→ Instructions for the task
In the records that follow, find the line containing "Hola, ¿qué tal?" and the line containing "I have stopped", then transcribe both and every line between them exactly, omitting pictures.

→ Excerpted records
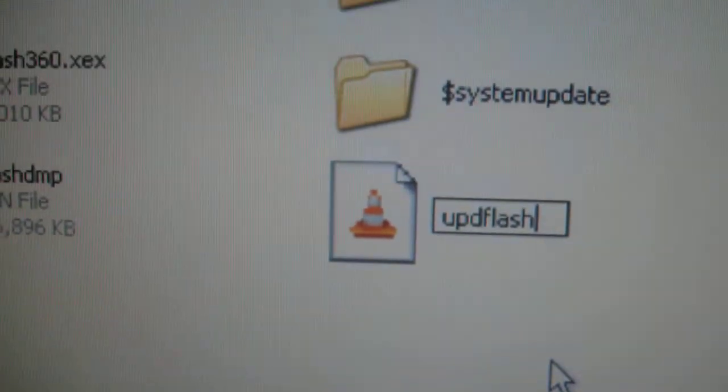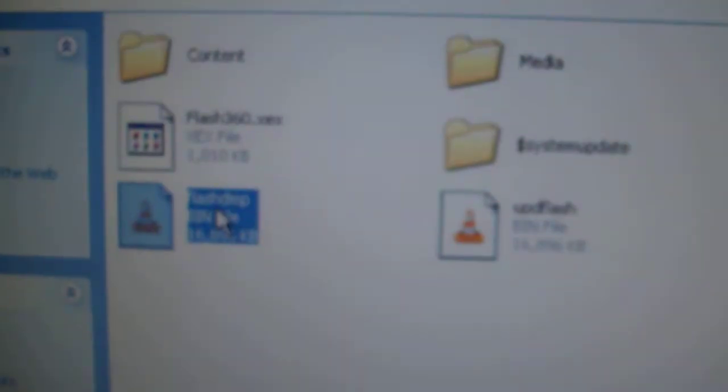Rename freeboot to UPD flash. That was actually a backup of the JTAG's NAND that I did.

...

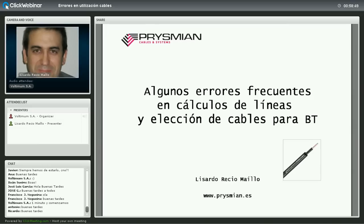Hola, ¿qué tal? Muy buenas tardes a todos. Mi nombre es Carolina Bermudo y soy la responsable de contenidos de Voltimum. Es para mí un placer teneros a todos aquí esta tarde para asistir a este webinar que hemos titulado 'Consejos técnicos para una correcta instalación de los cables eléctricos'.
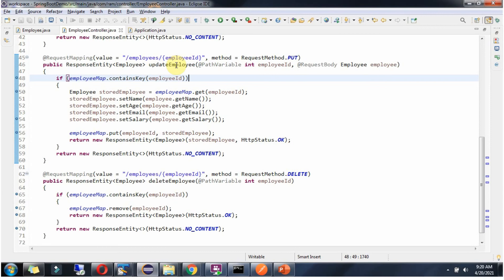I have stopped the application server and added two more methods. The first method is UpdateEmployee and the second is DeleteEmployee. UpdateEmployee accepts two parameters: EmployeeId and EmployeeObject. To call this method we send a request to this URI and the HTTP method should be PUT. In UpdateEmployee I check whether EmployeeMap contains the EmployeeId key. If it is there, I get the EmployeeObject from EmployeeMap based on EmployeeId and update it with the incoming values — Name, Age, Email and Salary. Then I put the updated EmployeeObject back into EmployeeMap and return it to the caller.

→ Task solution
Hola, ¿qué tal? Muy buenas tardes a todos. Mi nombre es Carolina Bermudo y soy la responsable de contenidos de Voltimum. Es para mí un placer teneros a todos aquí esta tarde para asistir a este webinar que hemos titulado 'Consejos técnicos para una correcta instalación de los cables eléctricos'.
I have stopped the application server and added two more methods. The first method is UpdateEmployee and the second is DeleteEmployee. UpdateEmployee accepts two parameters: EmployeeId and EmployeeObject. To call this method we send a request to this URI and the HTTP method should be PUT. In UpdateEmployee I check whether EmployeeMap contains the EmployeeId key. If it is there, I get the EmployeeObject from EmployeeMap based on EmployeeId and update it with the incoming values — Name, Age, Email and Salary. Then I put the updated EmployeeObject back into EmployeeMap and return it to the caller.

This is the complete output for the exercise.